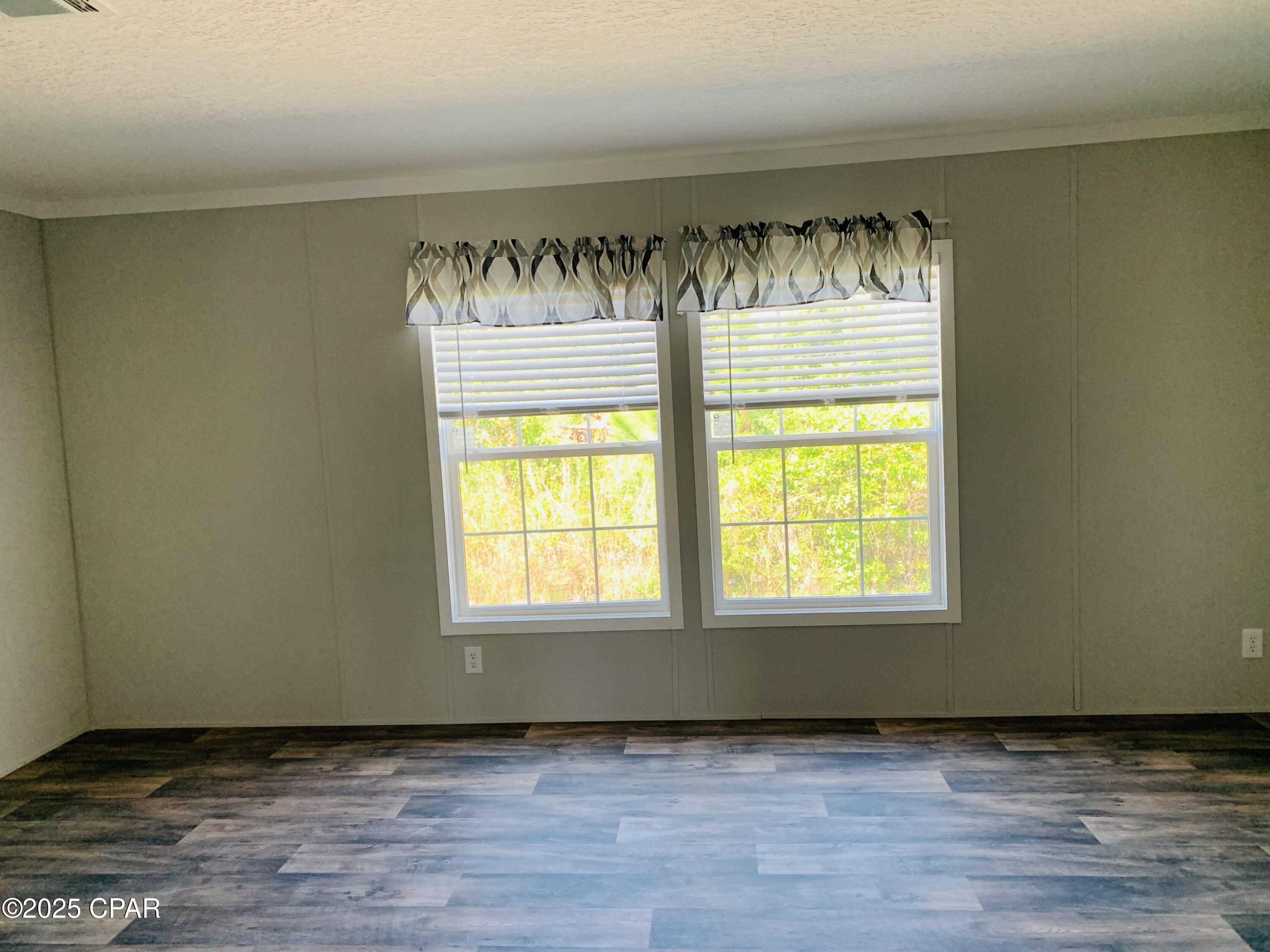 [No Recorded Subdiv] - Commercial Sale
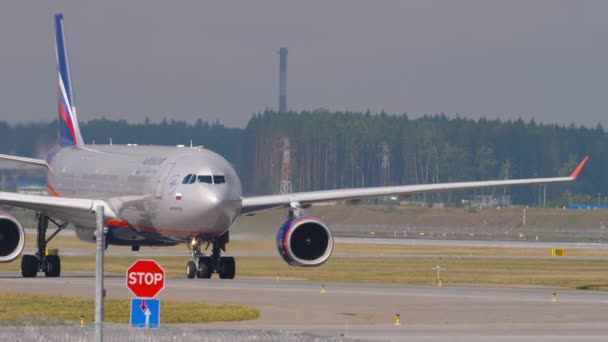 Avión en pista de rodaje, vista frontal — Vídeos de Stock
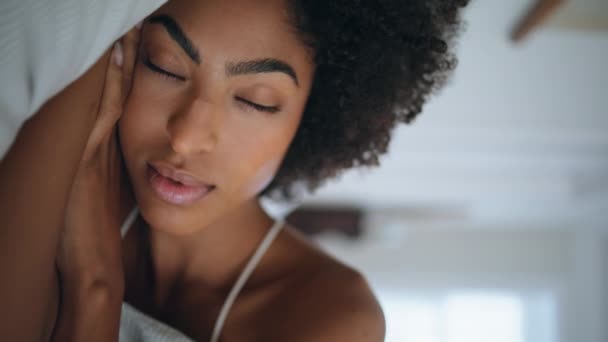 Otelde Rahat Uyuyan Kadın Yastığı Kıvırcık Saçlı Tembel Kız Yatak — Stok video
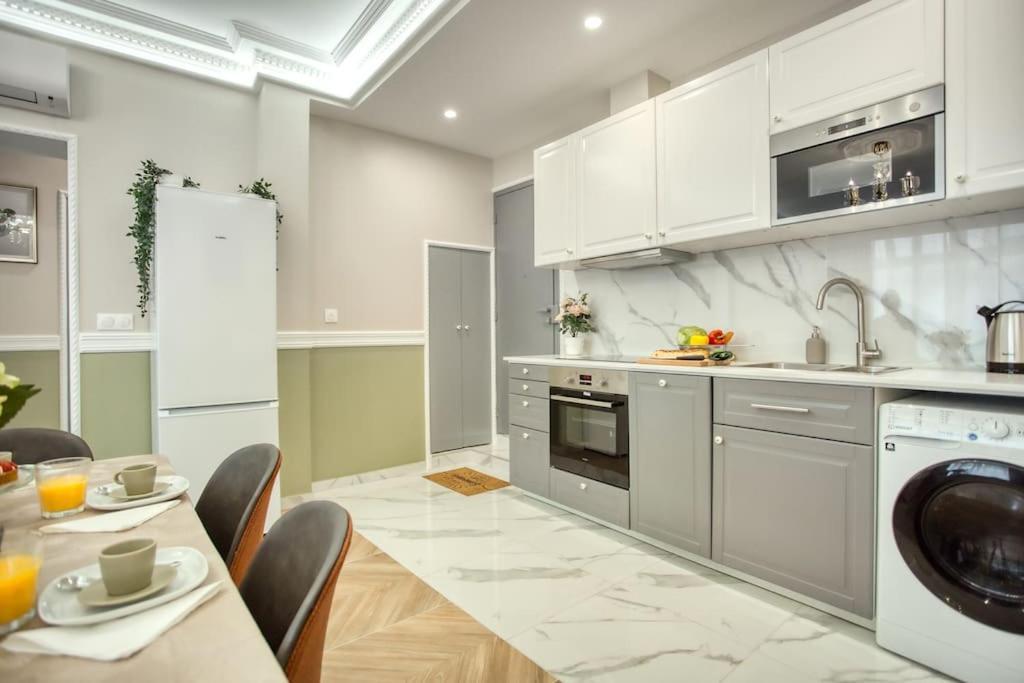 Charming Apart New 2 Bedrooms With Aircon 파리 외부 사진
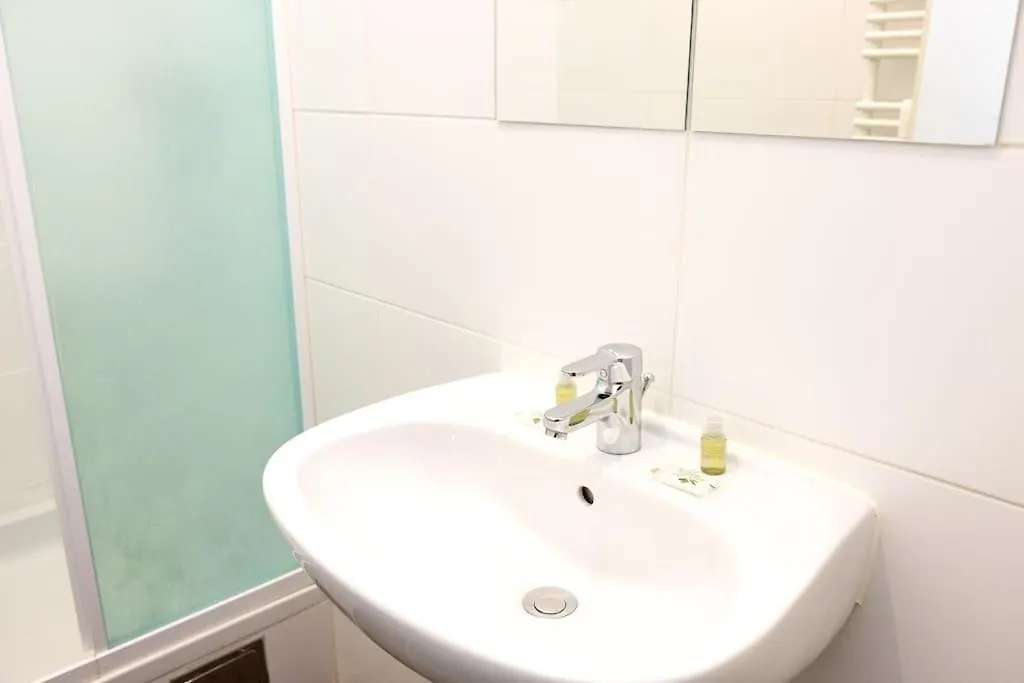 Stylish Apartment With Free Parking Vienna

### Exercise instructions
Could you return each line, unchanged, from the line containing "Otelde Rahat Uyuyan" through the last line of the entries above, leaving out the pictures?

### Written response
 Otelde Rahat Uyuyan Kadın Yastığı Kıvırcık Saçlı Tembel Kız Yatak — Stok video
 Charming Apart New 2 Bedrooms With Aircon 파리 외부 사진
 Stylish Apartment With Free Parking Vienna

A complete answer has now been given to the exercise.